Block of Trump Asylum Rule Holds, but Only in California & Arizona

The Ninth Circuit thwarted the Trump administration Friday by denying its request to stay a lower court’s block of a rule making all asylum seekers at the U.S.-Mexico border ineligible for refugee status unless they applied for and were denied protection in a country they passed along the way.

(CN) – The Ninth Circuit thwarted the Trump administration Friday by denying its request to stay a lower court’s block of a rule making all asylum seekers at the U.S.-Mexico border ineligible for refugee status unless they applied for and were denied protection in a country they passed along the way.

However, the Ninth Circuit’s denial only applies to the border states within its jurisdiction – California and Arizona.

“The district court clearly erred by failing to consider whether nationwide relief is necessary to remedy plaintiffs’ alleged harms,” U.S. Circuit Judges Michael Bennett and Milan Smith held. “And, based on the limited record before us, we do not believe a nationwide injunction is justified.”

Smith and Bennett were both appointed by Republican presidents: Smith by George W. Bush, Bennett by Donald Trump.

U.S. Circuit Judge A. Wallace Tashima, a Jimmy Carter appointee, wrote a blistering dissent stating the majority overstepped its authority by probing for errors in the lower court’s decision for a nationwide block of the rule.

“I do not believe that it is within a motions panel’s province to parse the record for error at this stage, which is what the majority does in concluding that ‘the nationwide scope of the injunction is not supported by the record as it stands,’” Tashima wrote.

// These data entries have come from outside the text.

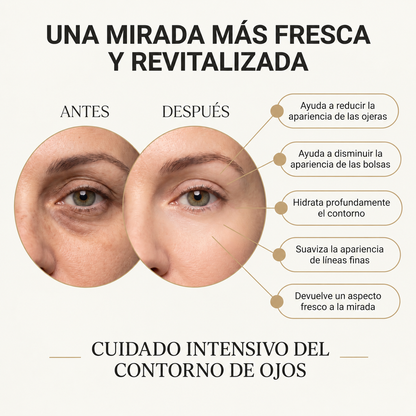 Crema para Ojeras y Bolsas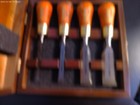 New Narex Premium 4 Piece Chisels Set 6 1 4   12 1 2   20 3 4   26 1  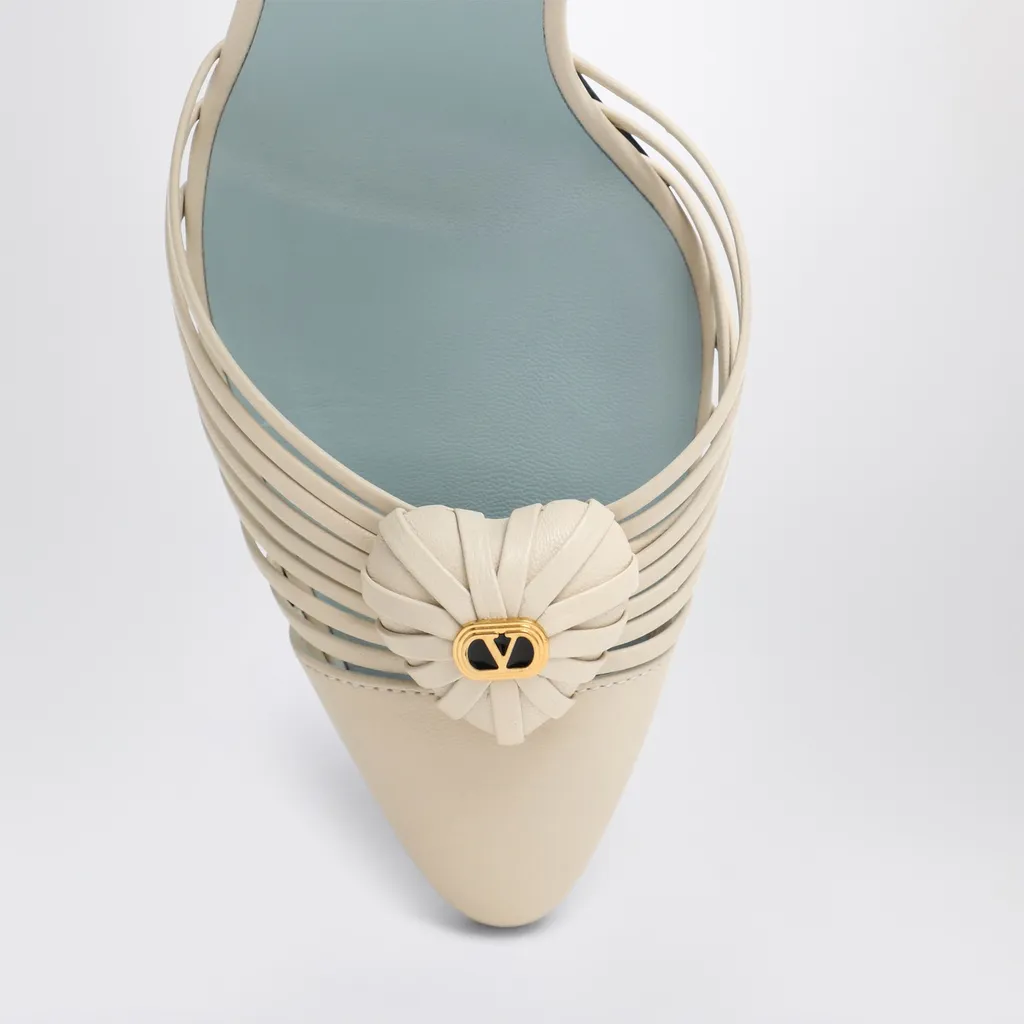 Cage Toe High Heels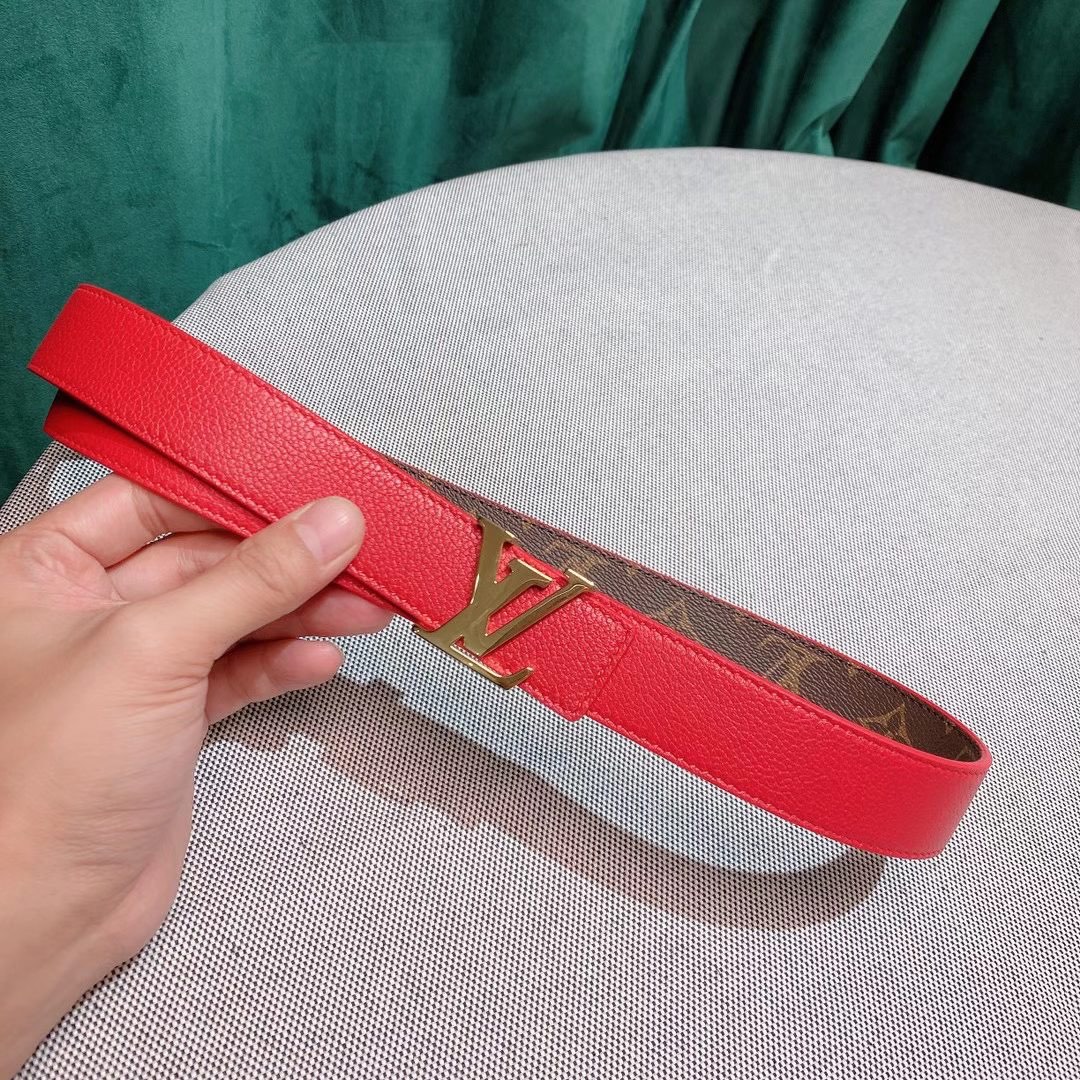 LOUIS VUITTO Initiales 30mm reversible belt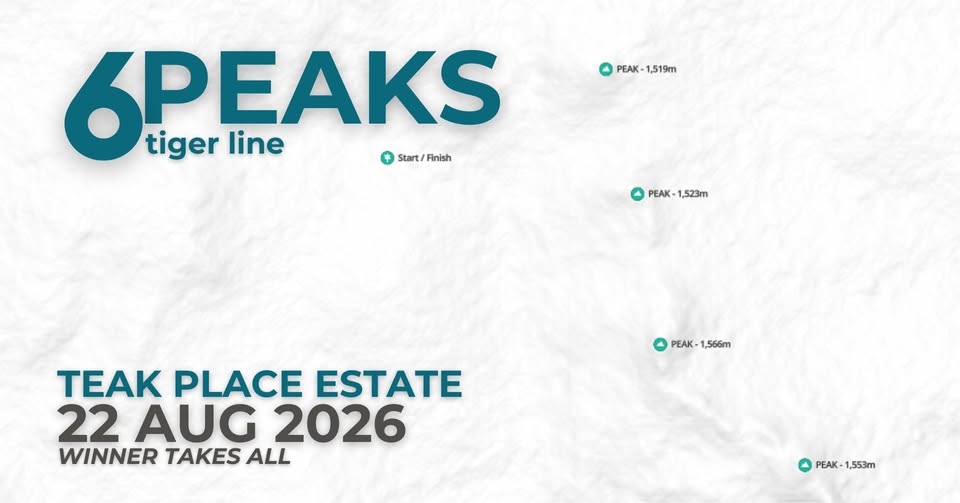 6 Peaks -Tiger Line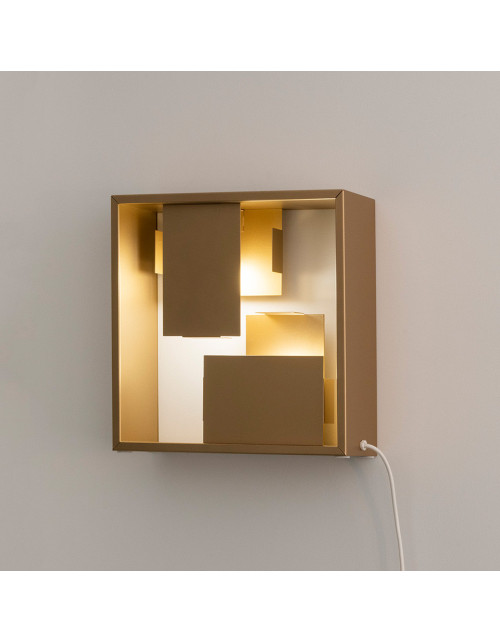 Fato Tischleuchte Gold Artemide 0048050A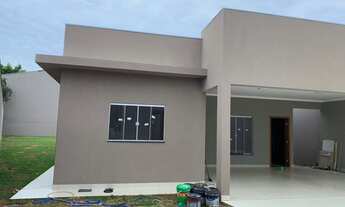 Imagem 2: Magnífica casa em fase final de acabamento. Jardim Panorama - Campo Grande - MS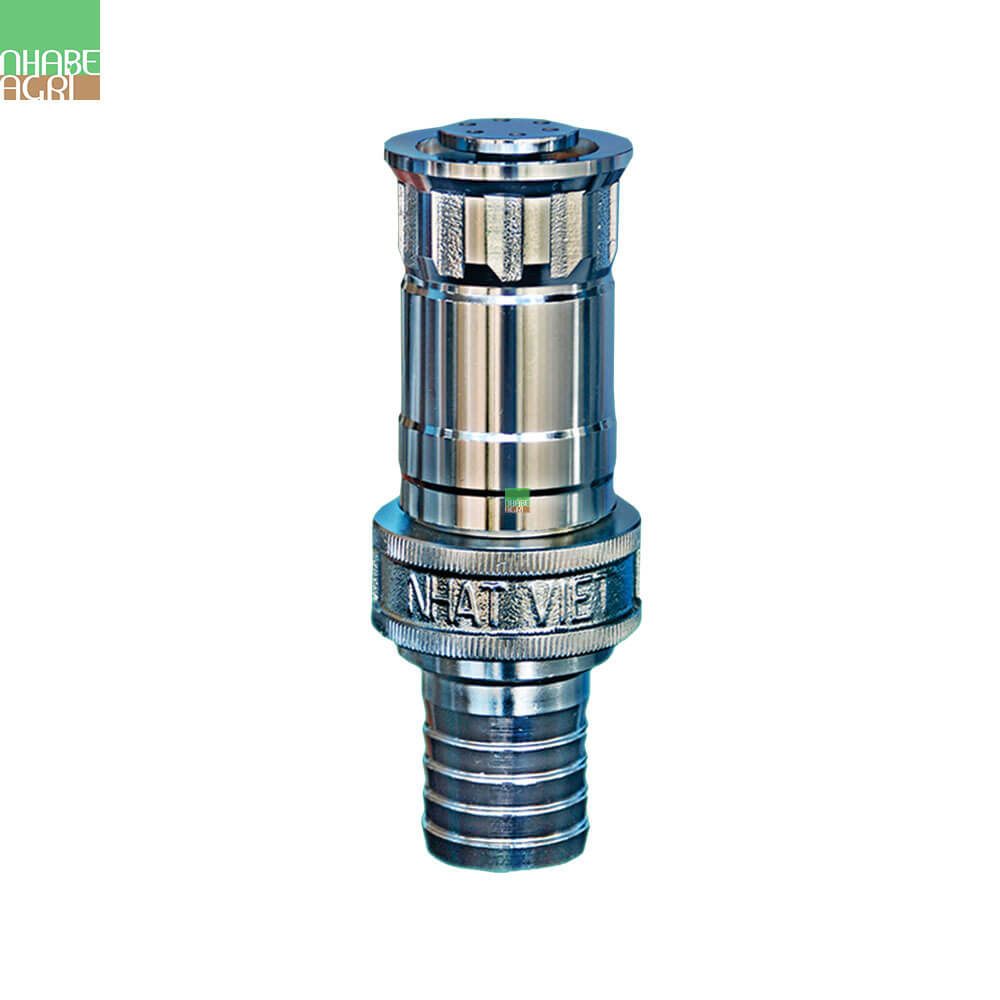 Đầu tưới phun mưa nông nghiệp cầm tay Javico Hợp kim 40mm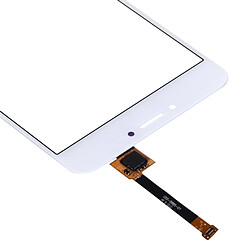 Acheter Wewoo Pièce détachée Meizu M3 Note blanc Version Standard écran tactile (seul sans le LCD) Digitizer Assemblée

He blasted the majority for turning a “motions panel” into a “merits panel.”

Then he took issue with the Ninth Circuit-specific stay ordered by the majority.

“Perhaps, the district court did not make detailed findings in support of a nationwide injunction because the need for one in the circumstances of this case is obvious,” Tashima wrote, adding later: “Should asylum law be administered differently in Texas than in California? These issues and problems illustrate why tinkering with the merits on a limited stay motion record can be risky.”

For its part, the majority justified its decision by saying that allowing cases in other circuits to move forward fosters “the development of the law and the percolation of legal issues in the lower courts.”

The case bodes ill for those who believe the courts are apolitical.

In this case alone, Democratic and Republican appointees have issued contrary rulings regarding the legality of the rule that prevents people who have passed through other countries on the way to the U.S. border to make an asylum claim in the United States.

U.S. District Court Judge Jon Tigar – appointed by Barack Obama – ruled the Trump administration failed to consider evidence that asylum seekers in Mexico are subjected to violence and abuse, denied rights under Mexican and international law, and wrongly returned to the countries from which they fled persecution.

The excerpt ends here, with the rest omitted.